• [ASSIGNMENT] With pictures left out, output exactly the lines of the listing below from the line that has "GeeekPi Starter Kit" to the line that has "600 ST3 American, Bolt", both lines kept.
··· INPUT RECORDS ···
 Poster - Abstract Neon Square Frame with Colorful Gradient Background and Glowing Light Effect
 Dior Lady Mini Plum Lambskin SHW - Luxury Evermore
···
··· INPUT RECORDS ···
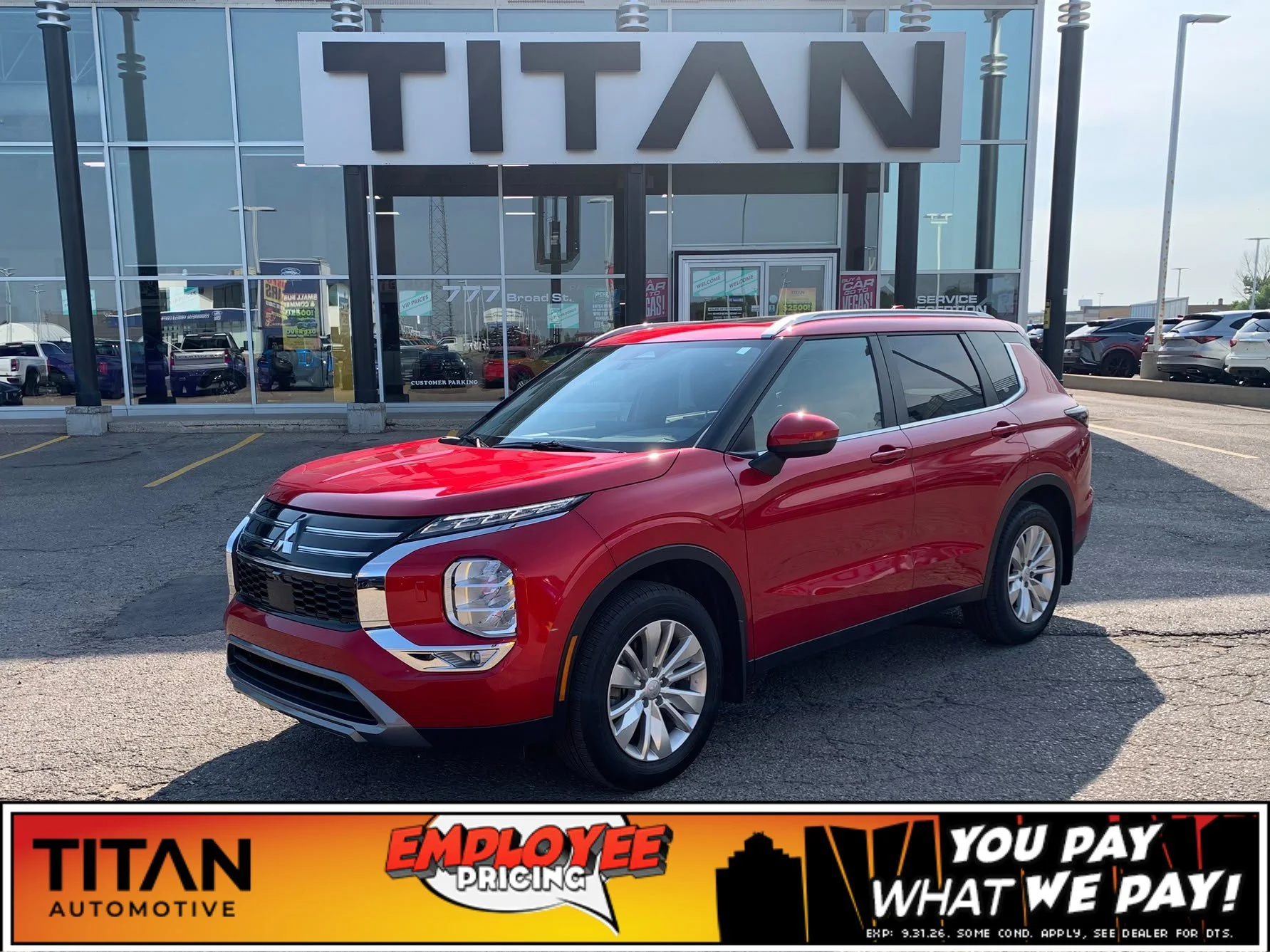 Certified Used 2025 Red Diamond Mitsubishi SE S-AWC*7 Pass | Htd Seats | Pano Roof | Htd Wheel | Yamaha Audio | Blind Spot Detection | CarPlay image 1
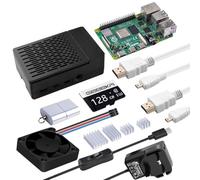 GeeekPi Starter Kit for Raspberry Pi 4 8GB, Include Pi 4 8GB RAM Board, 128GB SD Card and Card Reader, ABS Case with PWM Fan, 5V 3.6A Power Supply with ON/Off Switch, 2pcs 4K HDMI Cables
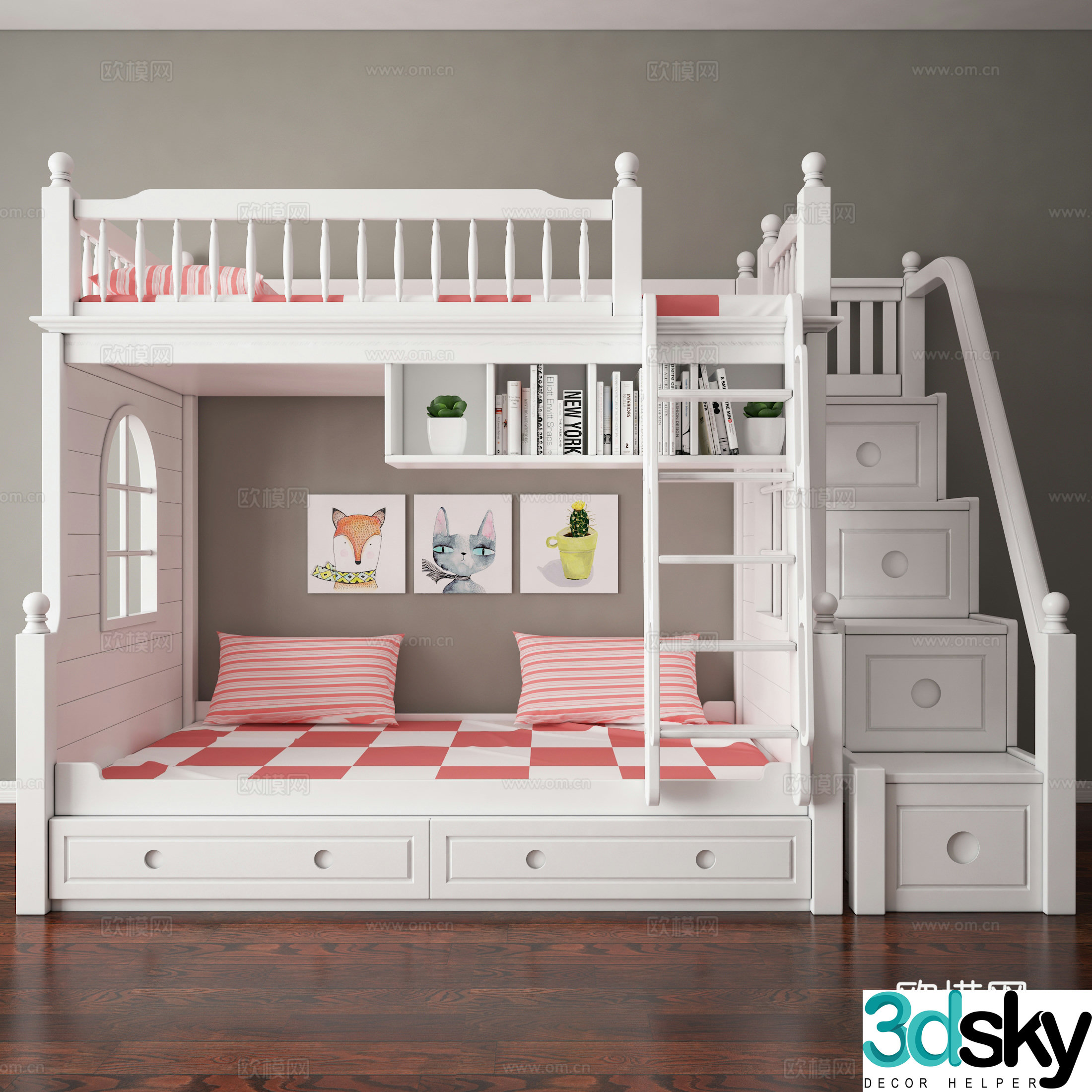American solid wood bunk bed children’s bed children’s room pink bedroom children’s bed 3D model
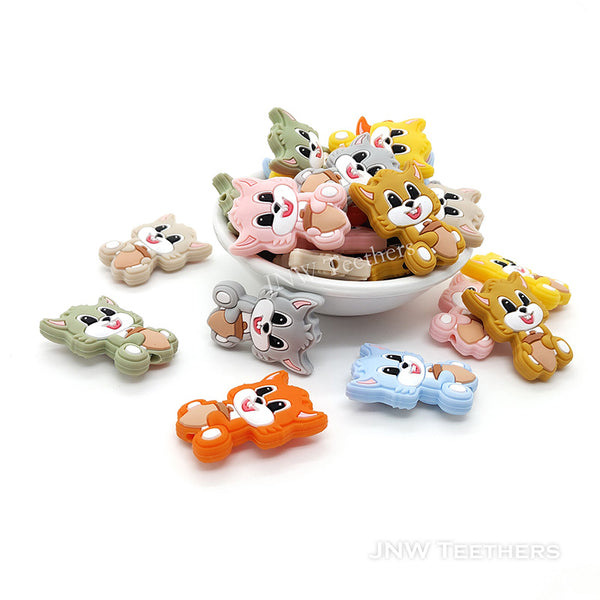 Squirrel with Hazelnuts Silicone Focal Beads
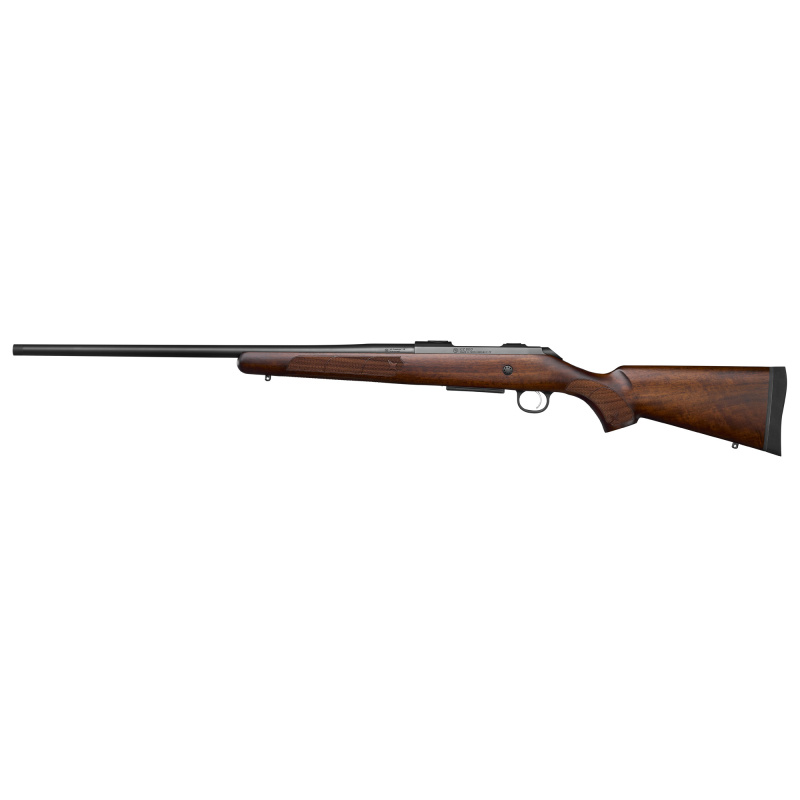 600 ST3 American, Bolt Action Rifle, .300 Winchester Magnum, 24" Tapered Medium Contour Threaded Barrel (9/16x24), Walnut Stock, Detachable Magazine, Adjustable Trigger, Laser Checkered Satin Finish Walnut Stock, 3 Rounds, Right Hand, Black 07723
···
• [SOLUTION]
 GeeekPi Starter Kit for Raspberry Pi 4 8GB, Include Pi 4 8GB RAM Board, 128GB SD Card and Card Reader, ABS Case with PWM Fan, 5V 3.6A Power Supply with ON/Off Switch, 2pcs 4K HDMI Cables
American solid wood bunk bed children’s bed children’s room pink bedroom children’s bed 3D model
 Squirrel with Hazelnuts Silicone Focal Beads
 600 ST3 American, Bolt Action Rifle, .300 Winchester Magnum, 24" Tapered Medium Contour Threaded Barrel (9/16x24), Walnut Stock, Detachable Magazine, Adjustable Trigger, Laser Checkered Satin Finish Walnut Stock, 3 Rounds, Right Hand, Black 07723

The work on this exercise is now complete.